Craig sees leadership working with citizens, developers and environmentalists as key components to bringing Lake Stevens into its future growth potential.
“I have the vision and drive to create the Lake Stevens we all want to live in,” he said. “Twenty years in the Navy gave me the leadership, management and budgetary experience to perform the long term vision this city needs.”
With growth a big concern for citizens, the Mayor has made annexation into the UGA a priority to allow for the growth to be managed locally.
“We will not stop growth, but we can manage it,” Little said. “I will continue to work with the County Leaders, Snohomish County Tomorrow, Puget Sound Regional Council, citizens and the City Council to ensure we grow responsibly.
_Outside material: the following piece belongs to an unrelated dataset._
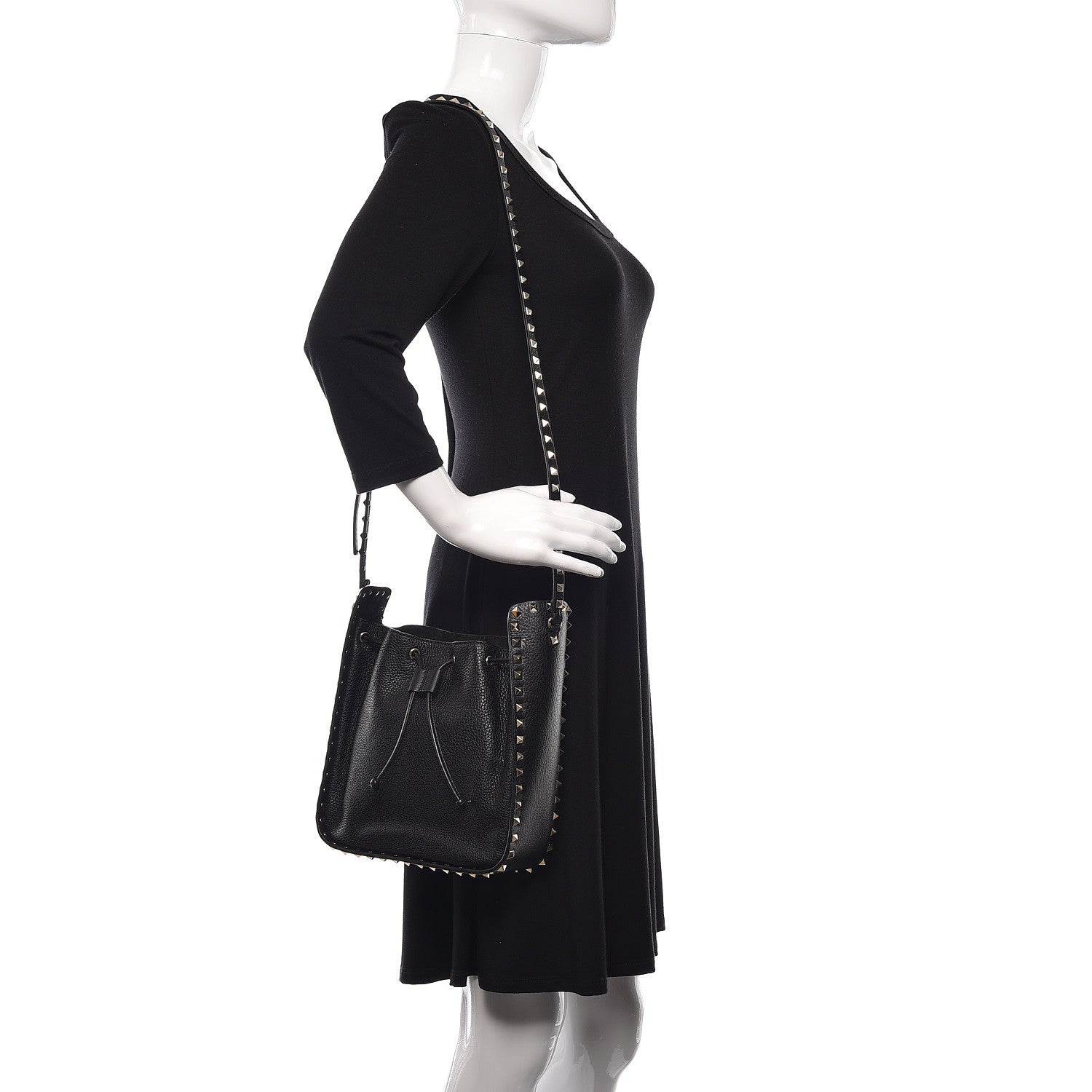 Valentino Garavani Grained Calfskin Rockstud Bucket Bag Black 2 of 12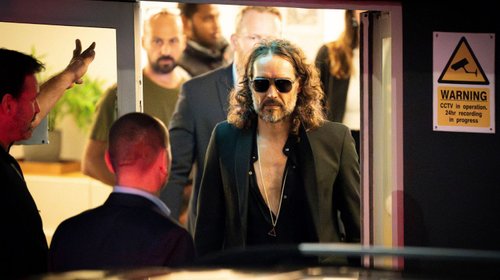 YouTube suspende cuenta de Russell Brand por acusaciones de abuso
Throughout this process the support of our citizens is critical to the success of the project.”
Because the city is growing by leaps and bounds it is essential that we create a new civic center and open up the downtown waterfront for public access.
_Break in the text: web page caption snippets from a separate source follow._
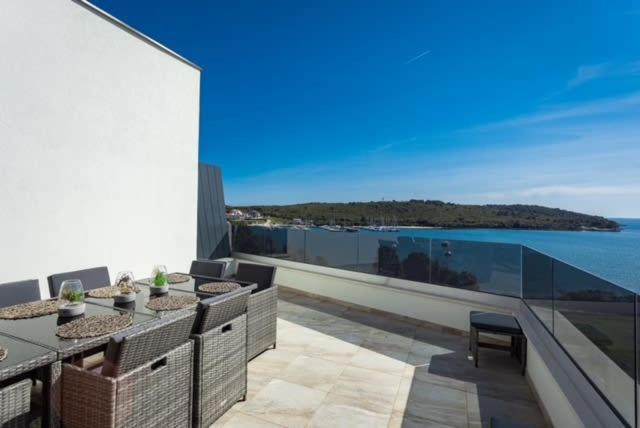 Luxury Apartment Anto With Sea View And Balcony Banjole Exterior foto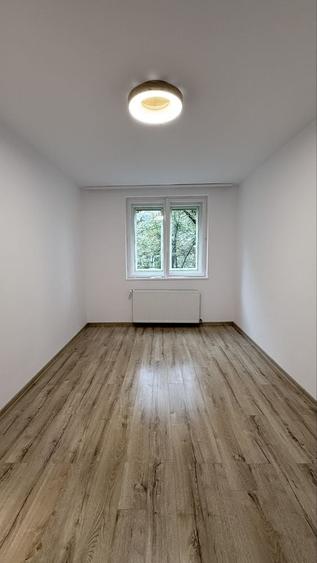 Apartament cu 3 camere semidecomandat în Cina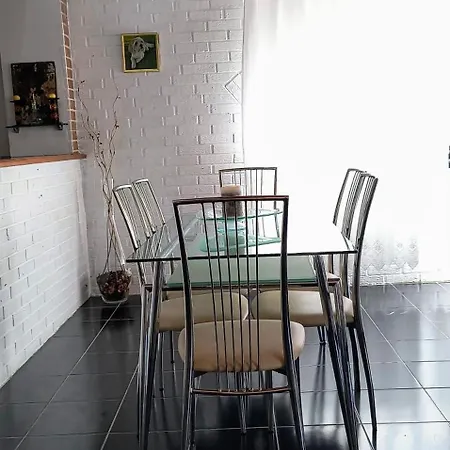 Apartment Polyxeni & *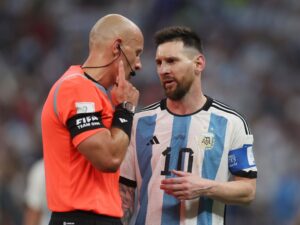 Ya se conoce quién será el árbitro  para el debut de la Selección ene l Mundial: un viejo conocido que trae el mejor recuerdo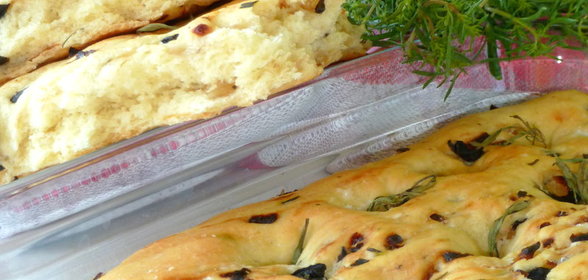 Фокачча с маслинами и розмарином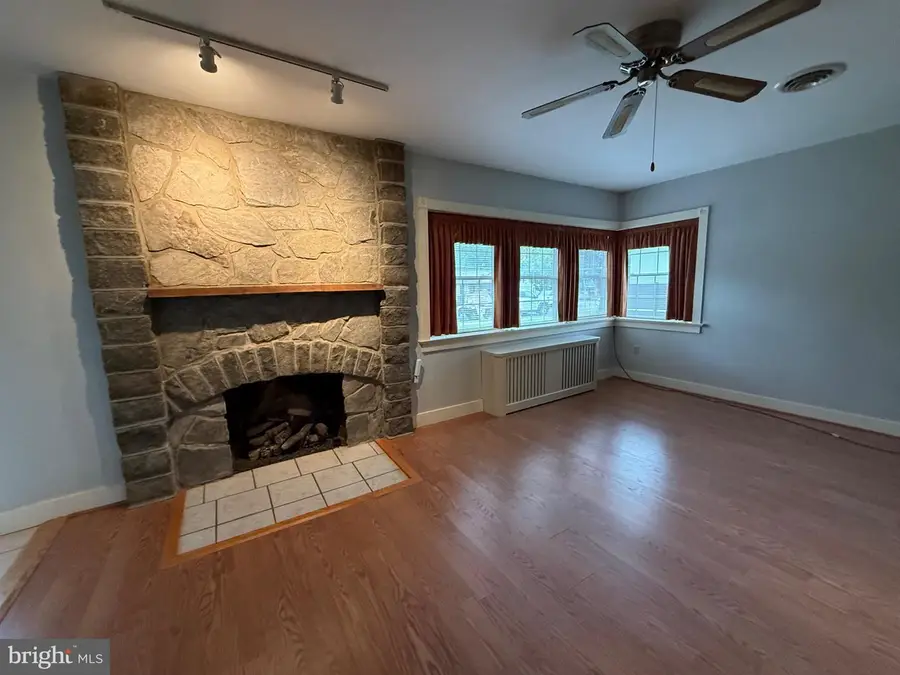 228 S Market St, Mount Joy, PA 17552 - #3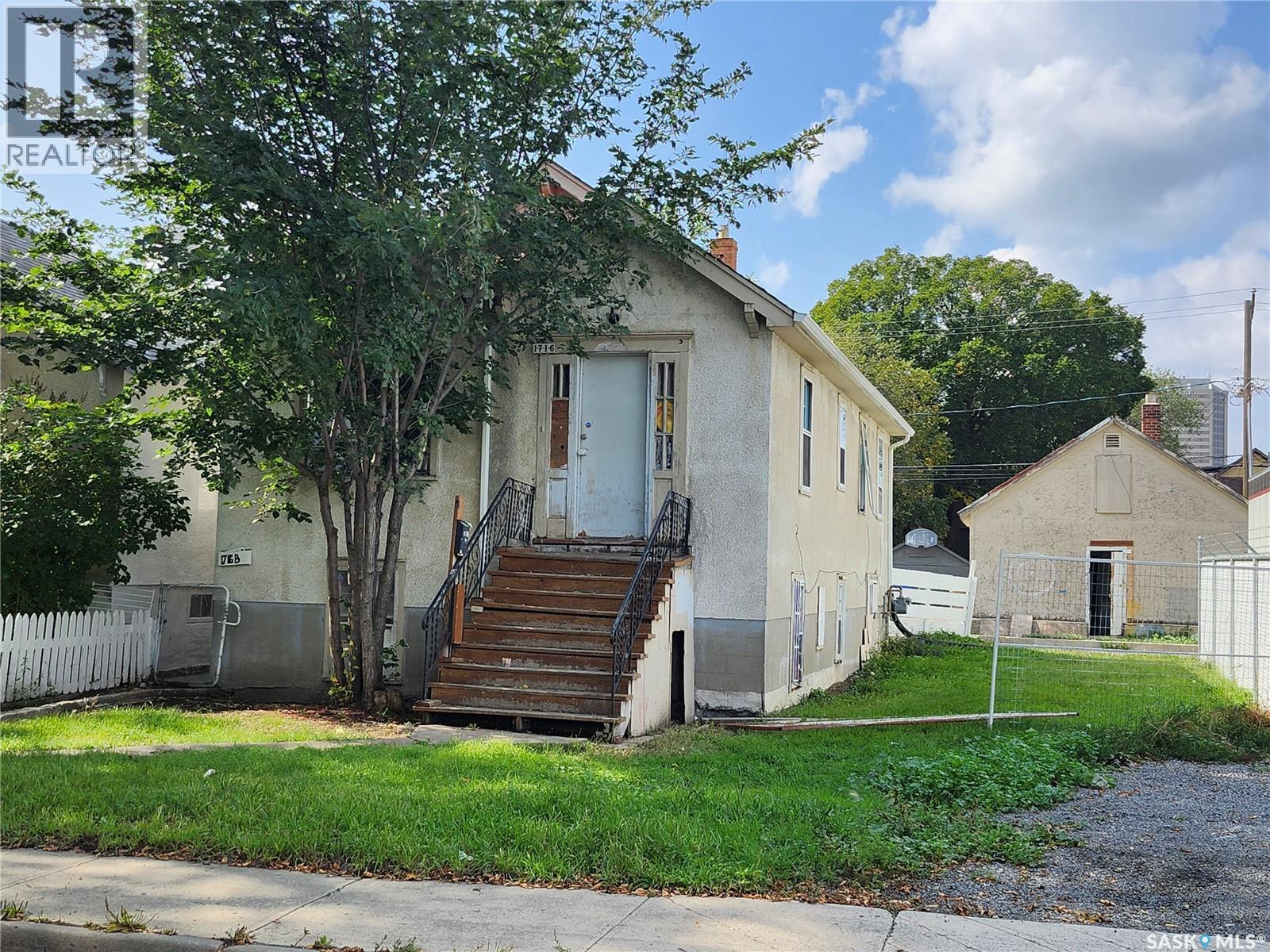 1716 Ottawa St, Regina, SK S4P 1P2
“The city is growing and we have outgrown city hall, the library, police station and the fire station,” Little stated. “By housing all these government facilities in one conveniently located building, we can cut the infrastructure and land costs associated with constructing three separate buildings.”
Little also sees the Critical Area Ordinance as something that needs to be updated and reviewed as new input is added.
“I felt that between the Planning Commission, City Staff and the involvement of our citizens, a very good Critical Areas Ordinance was developed. I have to commend them for their efforts,” he said. “In my mind, a balance must be reached between progress and development and making sure we protect our lake, streams and wetlands.”
Because of Little’s extensive involvement in the Lake Stevens Junior Athletic Association, he has a special interest in the youth of our community.
“I have had the opportunity to interact with many of our young citizens through coaching and other activities,” he said. “As a member of the city council, I have received many letters from school children and spoken at several schools. From what they have told me, and my own experience it is clear that our children need more places to expend their boundless energy - safely. With this in mind, I believe that the development of skate park(s), parks in general, baseball, soccer, football fields, a BMX biking park, bowling alley and a movie theater would go a long way towards keeping our children healthy, happy, busy and most importantly, safe.”
As for the future of this great city, Little sees a thriving city with four economic centers including old downtown, Frontier Village, Southlake Plaza and another in the RUTA area between 20th SE and Hwy. 2.
“I see our very own University of Washington campus at the south end of the Urban Growth Area, multipurpose buildings with retail operations at street level, offices on the second floor and residences on top floors are a creative way to save space while combining utility with style,” he said. “As always, community input and support is the most powerful tool to get these jobs done.”
Little and his wife Kathy have been happily married for 23 years and have four children and two grandchildren.